◆ WHAT THE TASK REQUIRES ◆
The answer must consist solely of the lines from the one with "Detail Gallery Image" through the last line of the data, copied exactly, with no pictures.

◆ SUPPLIED DATA ◆
┄┄┄┄┄┄┄┄┄┄┄┄┄┄┄┄┄┄┄┄
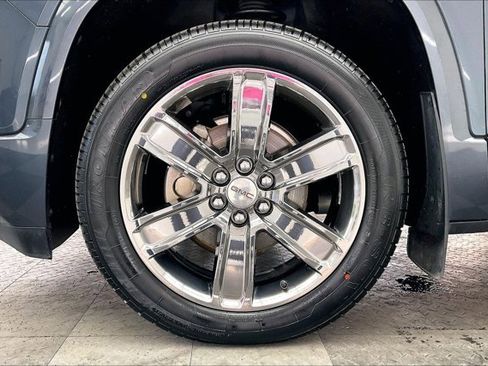 Used 2019 GMC Acadia Denali w/ Technology Package image 8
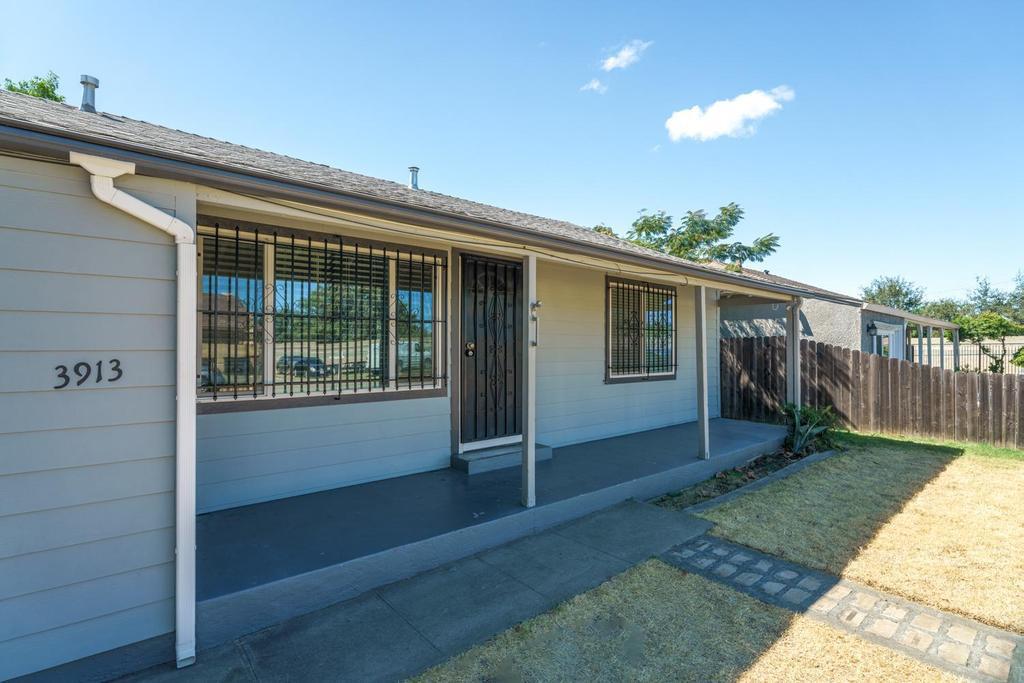 Detail Gallery Image 4 of 23 For 3913 Presidio St, Sacramento,  CA 95838 - 3 Beds | 1 Baths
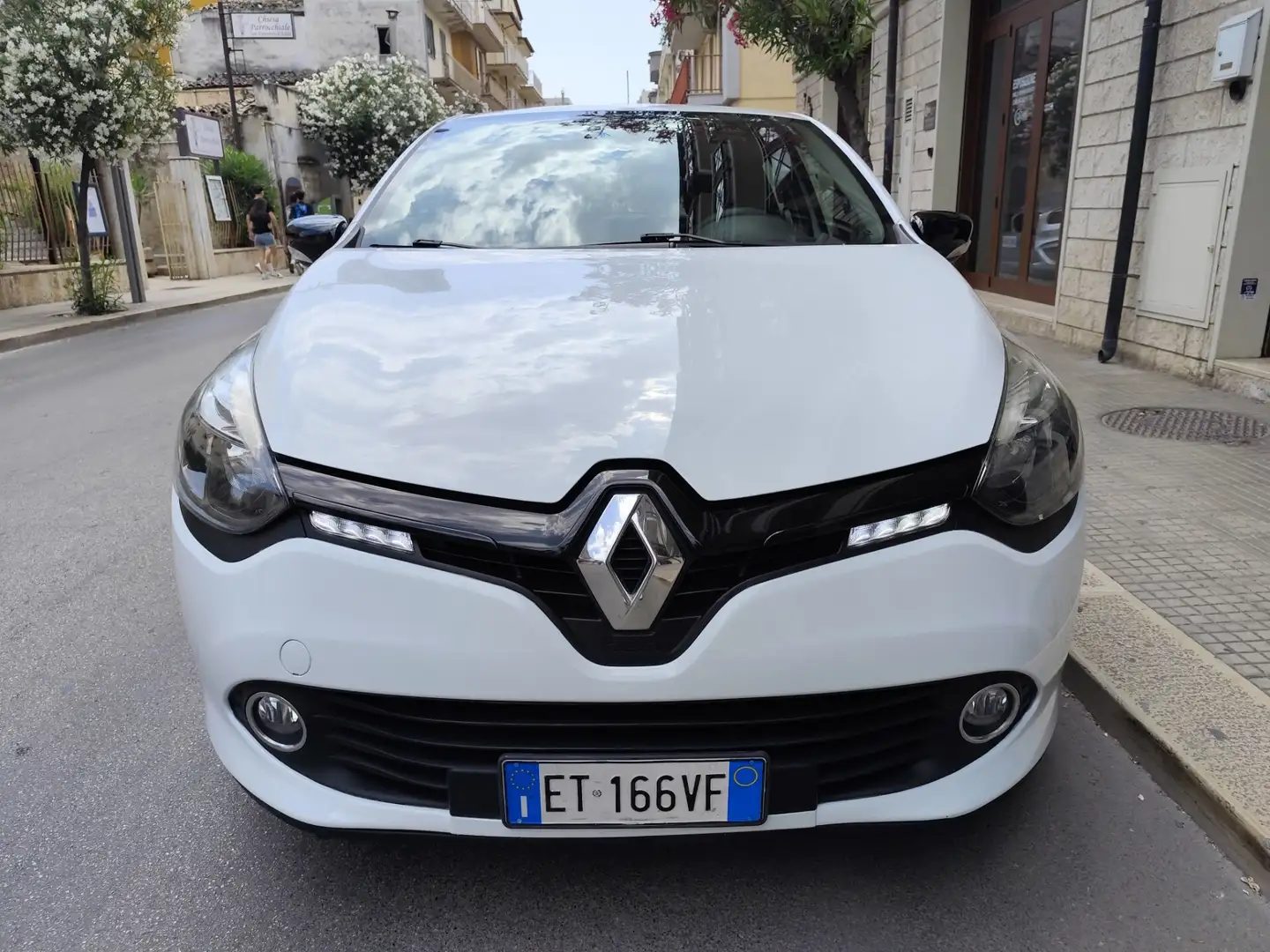 Renault Clio 1.5 dCi 75CV DIESEL NAVI Weiß - 2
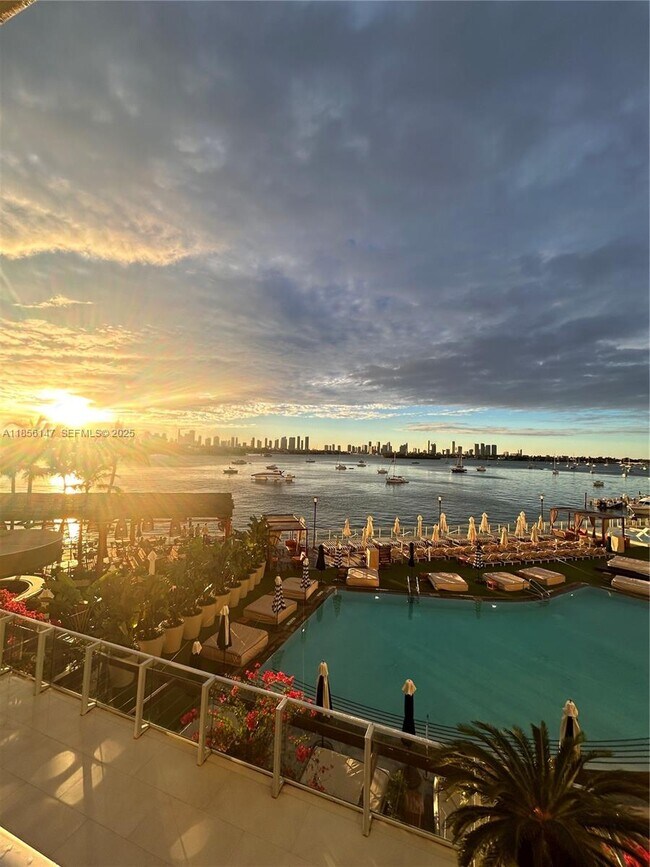 Building Photo - 1100 West Ave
┄┄┄┄┄┄┄┄┄┄┄┄┄┄┄┄┄┄┄┄
◆ ANSWER SECTION ◆
 Detail Gallery Image 4 of 23 For 3913 Presidio St, Sacramento,  CA 95838 - 3 Beds | 1 Baths
 Renault Clio 1.5 dCi 75CV DIESEL NAVI Weiß - 2
 Building Photo - 1100 West Ave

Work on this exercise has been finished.